The subsequent uncertain and difficult encounter of big-city homosexuals with proletarian Welsh villagers is the basis for much of the movie’s warmth, comedy and drama. And much of the treatment has an expectable tenor. There’s the anticipatable uneasiness, bewilderment, distaste and hostility. But then comes the gradual dissolving of reserve and resentments, culminating in a liberating disco-dancing lesson to Shirley and Company’s “Shame, Shame, Shame.” Pride makes the point that the village’s women, led by Imelda Stanton’s forthright, fearless Hefina, are more accepting than the menfolk.

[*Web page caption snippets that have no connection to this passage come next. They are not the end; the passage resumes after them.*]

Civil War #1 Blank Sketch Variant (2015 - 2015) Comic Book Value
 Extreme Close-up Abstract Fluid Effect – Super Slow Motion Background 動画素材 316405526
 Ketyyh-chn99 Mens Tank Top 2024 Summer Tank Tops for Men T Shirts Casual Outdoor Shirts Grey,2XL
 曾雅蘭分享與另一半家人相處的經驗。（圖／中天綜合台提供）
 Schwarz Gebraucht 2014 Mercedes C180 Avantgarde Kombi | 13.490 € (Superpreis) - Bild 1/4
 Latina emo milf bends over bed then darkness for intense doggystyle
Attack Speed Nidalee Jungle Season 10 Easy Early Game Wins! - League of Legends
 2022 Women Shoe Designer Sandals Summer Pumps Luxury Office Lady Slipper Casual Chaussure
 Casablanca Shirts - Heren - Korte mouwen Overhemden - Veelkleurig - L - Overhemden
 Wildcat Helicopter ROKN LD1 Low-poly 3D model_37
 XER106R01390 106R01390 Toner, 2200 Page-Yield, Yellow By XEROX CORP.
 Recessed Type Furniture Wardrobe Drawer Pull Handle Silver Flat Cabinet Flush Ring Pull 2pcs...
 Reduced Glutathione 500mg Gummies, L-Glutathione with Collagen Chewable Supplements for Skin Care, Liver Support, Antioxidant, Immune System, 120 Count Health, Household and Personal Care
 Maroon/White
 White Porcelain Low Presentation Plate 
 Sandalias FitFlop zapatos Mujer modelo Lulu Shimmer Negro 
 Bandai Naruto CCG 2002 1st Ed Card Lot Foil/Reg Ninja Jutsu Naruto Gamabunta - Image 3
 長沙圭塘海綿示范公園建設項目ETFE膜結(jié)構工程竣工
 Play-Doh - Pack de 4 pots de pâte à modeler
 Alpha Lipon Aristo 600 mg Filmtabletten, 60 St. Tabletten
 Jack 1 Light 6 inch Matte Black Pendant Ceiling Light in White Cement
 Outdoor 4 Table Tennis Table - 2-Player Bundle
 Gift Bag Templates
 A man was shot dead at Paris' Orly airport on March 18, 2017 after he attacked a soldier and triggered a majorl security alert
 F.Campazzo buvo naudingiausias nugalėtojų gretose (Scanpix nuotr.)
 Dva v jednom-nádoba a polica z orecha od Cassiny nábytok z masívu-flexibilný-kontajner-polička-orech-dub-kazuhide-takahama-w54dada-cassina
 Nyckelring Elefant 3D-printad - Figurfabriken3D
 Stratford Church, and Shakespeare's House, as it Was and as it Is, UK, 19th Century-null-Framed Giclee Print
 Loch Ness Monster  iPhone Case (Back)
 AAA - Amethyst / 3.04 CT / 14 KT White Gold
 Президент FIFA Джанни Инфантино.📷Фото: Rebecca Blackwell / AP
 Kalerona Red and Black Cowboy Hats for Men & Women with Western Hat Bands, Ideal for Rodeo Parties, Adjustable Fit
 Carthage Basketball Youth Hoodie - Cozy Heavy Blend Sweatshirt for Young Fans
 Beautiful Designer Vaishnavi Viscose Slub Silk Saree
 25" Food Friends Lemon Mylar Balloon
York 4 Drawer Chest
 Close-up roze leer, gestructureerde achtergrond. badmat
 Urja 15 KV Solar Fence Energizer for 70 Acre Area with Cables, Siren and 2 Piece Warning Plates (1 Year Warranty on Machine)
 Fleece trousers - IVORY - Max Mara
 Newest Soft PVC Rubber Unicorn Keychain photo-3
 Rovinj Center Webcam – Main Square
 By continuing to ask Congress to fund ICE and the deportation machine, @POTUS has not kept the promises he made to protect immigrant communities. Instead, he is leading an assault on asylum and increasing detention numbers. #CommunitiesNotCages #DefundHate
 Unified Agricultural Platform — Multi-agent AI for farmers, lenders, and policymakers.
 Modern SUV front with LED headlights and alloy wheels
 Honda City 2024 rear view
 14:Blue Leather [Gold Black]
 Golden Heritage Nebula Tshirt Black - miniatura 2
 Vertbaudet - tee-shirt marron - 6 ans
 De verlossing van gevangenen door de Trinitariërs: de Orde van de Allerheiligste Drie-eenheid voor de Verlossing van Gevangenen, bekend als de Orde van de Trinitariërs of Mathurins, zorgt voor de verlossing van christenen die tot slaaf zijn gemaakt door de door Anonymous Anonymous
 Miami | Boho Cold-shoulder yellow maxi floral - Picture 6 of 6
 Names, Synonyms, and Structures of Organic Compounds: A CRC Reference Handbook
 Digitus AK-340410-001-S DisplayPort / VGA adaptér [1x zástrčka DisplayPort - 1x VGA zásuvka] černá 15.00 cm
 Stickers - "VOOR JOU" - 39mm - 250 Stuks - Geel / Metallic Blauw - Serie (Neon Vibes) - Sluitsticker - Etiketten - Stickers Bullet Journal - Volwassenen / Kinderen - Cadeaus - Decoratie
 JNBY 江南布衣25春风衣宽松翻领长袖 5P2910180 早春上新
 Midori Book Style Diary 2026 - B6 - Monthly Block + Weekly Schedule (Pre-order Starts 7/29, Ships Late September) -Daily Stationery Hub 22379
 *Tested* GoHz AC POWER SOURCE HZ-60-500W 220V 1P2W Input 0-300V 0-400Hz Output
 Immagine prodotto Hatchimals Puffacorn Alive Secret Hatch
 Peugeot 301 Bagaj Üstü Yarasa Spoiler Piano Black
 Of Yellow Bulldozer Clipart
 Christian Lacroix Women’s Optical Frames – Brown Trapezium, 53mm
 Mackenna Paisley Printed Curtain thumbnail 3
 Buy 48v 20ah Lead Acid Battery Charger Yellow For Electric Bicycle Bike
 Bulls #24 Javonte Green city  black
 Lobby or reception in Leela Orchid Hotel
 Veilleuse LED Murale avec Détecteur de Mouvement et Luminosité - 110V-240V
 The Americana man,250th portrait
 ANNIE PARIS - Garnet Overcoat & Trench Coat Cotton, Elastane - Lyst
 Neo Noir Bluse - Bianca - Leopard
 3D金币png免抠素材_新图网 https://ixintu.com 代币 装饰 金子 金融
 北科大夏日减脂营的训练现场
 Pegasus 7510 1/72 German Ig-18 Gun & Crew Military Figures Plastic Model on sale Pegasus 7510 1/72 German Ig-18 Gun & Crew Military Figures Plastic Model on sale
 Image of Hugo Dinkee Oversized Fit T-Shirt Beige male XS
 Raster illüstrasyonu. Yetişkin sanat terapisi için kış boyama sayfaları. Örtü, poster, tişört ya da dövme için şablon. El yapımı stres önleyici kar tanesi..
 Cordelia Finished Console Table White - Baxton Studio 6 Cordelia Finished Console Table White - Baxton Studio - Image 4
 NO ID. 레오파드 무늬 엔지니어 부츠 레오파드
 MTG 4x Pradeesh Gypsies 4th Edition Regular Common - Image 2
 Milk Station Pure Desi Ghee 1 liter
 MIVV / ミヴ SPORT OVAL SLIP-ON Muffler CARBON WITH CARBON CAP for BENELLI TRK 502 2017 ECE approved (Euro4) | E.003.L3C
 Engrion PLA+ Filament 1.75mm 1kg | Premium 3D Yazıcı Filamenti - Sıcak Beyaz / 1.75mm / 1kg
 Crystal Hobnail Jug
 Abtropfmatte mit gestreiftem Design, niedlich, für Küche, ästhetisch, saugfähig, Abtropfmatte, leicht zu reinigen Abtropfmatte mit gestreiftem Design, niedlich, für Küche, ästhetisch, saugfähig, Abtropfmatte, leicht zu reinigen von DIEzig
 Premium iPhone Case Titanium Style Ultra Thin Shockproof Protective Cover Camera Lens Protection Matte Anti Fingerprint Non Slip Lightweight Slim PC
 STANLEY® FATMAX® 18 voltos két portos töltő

Playwright Stephen Beresford’s screenplay handles a large number of characters with briefly told backstories. Beresford heard of Ashton and his campaign as a young man, but only became interested in the tale decades later, when it had largely been forgotten. Pride doesn’t ignore the uglier aspects of the period. Even in Onllwyn, there were unreconciled parties, with nasty consequences. AIDS is a background element in the movie’s story, but it’s recognized in a few incidents, one of them a short scene involving Ashton that’s subtle but resonant.

He was evidently a remarkably insightful young man who understood the need for ordinary people to band together against illicit power, regardless of social barriers and prejudice. This message, not belabored in Pride, is one that many in this country have yet to learn.